Ray Kluender worked at VARC for two years while an undergraduate student at the University of Wisconsin-Madison, where he triple-majored in economics, political science, and mathematics. Ray is now a research assistant at the National Bureau of Economic Research, and will be entering MIT’s Ph.D. program in economics in the fall of 2013. He recently discussed his experience at VARC and its impact on his work since leaving.

Q: How did you come to work at VARC as an undergraduate?

Ray Kluender: After I declared my first major in political science during my sophomore year at UW-Madison, my advisor recommended I look into working for VARC. I didn’t have a lot of marketable skills at the time, and as I read more about what VARC was working on, I became excited about the idea of getting more research experience working with value-added models, both as an intellectual exercise and because I was interested in learning how they can work as a policy tool.

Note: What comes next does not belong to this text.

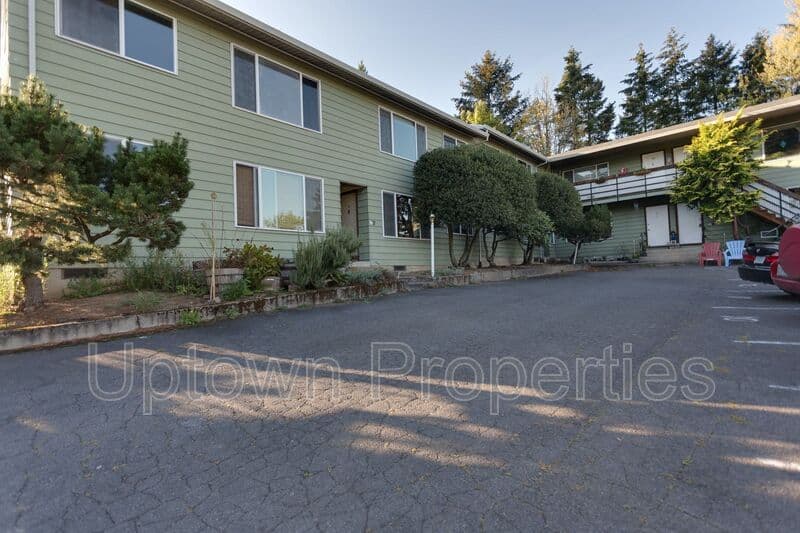 Portland House: 4633 SW Huber St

Q: What work did you do at VARC?

RK: VARC tripled in size during my time there; this gave me some great opportunities to get involved in many different projects. I initially worked on auditing data quality. I interviewed teachers in Chicago and Milwaukee about the accuracy of their class rosters. In order to have a value-added model you trust, you need high-quality data. Trying to accurately link teachers with the students they have taught is a less trivial task than you would imagine. Often, I’d find special education students or kids with special reading needs who had been swapped out of the class, for example. This work led to developing proprietary software for VARC that brought teacher feedback into the data collection process to improve quality. I also worked with Sarah Archibald (currently education policy advisor for Wisconsin state senator Luther Olson) on a brief looking at the sustainability of Teacher Incentive Fund grants. When VARC started its project with Los Angeles Unified School District, I got the chance to do some data programming. [VARC Associate Director for Technical Projects] Andrew [Rice] gave me the opportunity a few weeks before the project really got off the ground. We got eight gigabytes of data and he asked me to teach myself to program and to prepare the datasets for analysis. I got to do a lot of the legwork on the data and my programming abilities improved very rapidly.

Q: You did your senior thesis in conjunction with your work at VARC. What was it on and how did VARC assist you?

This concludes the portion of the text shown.